Quelle est la différence entre un équipement antidéflagrant Ex d et un équipement à sécurité augmentée Ex e ?

Un équipement Ex d contient une éventuelle explosion interne grâce à une enveloppe mécanique résistante qui refroidit les gaz avant leur dispersion. Un équipement Ex e, en revanche, est conçu pour ne jamais générer de source d'ignition : il n'y a donc pas d'explosion à contenir. Ex d est adapté aux équipements produisant naturellement des arcs ou des chaleurs élevées ; Ex e convient aux installations électriques passives comme les boîtes de jonction ou les luminaires.

Peut-on utiliser un équipement certifié ATEX zone 2 en zone 1 ?

Non. Un équipement certifié pour la zone 2 (catégorie 3G) ne peut pas être installé en zone 1. La zone 1 exige un équipement de catégorie 2G minimum. La règle est simple : la catégorie de l'équipement doit être égale ou supérieure à celle exigée par la zone. Installer un matériel de catégorie inférieure constitue une violation directe de la directive ATEX 2014/34/UE et engage la responsabilité de l'exploitant.

Qu'est-ce que la classe de température T et pourquoi est-elle critique en zone ATEX ?

La classe de température T indique la température maximale de surface que l'équipement peut atteindre en fonctionnement. Elle va de T1 (450°C maximum) à T6 (85°C maximum). Pour éviter une inflammation, cette température maximale de surface doit rester inférieure à la température d'auto-inflammation du gaz ou de la poussière présent dans l'atmosphère. Un équipement classé T4 (135°C) ne peut pas être utilisé en présence d'un gaz dont la température d'auto-inflammation est de 120°C : il faudrait un équipement T5 ou T6.

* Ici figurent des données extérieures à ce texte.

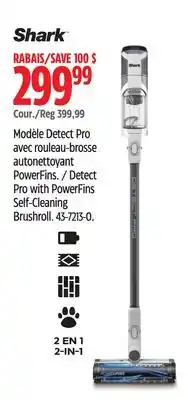 Canadian Tire Shark Detect Pro with PowerFins Self-Cleaning Brushroll offer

Quelles vérifications périodiques sont obligatoires pour les équipements antidéflagrants installés ?

La norme IEC 60079-17 définit trois niveaux d'inspection : visuelle (externe, sans outil), approfondie (ouverture des boîtiers, vérification des presse-étoupes et des joints) et détaillée (mesures électriques, tests de continuité, vérification des couples de serrage). La fréquence est fonction des conditions d'environnement et de la criticité de l'installation. L'exploitant doit tenir un registre de maintenance à jour, consultable lors de toute inspection réglementaire.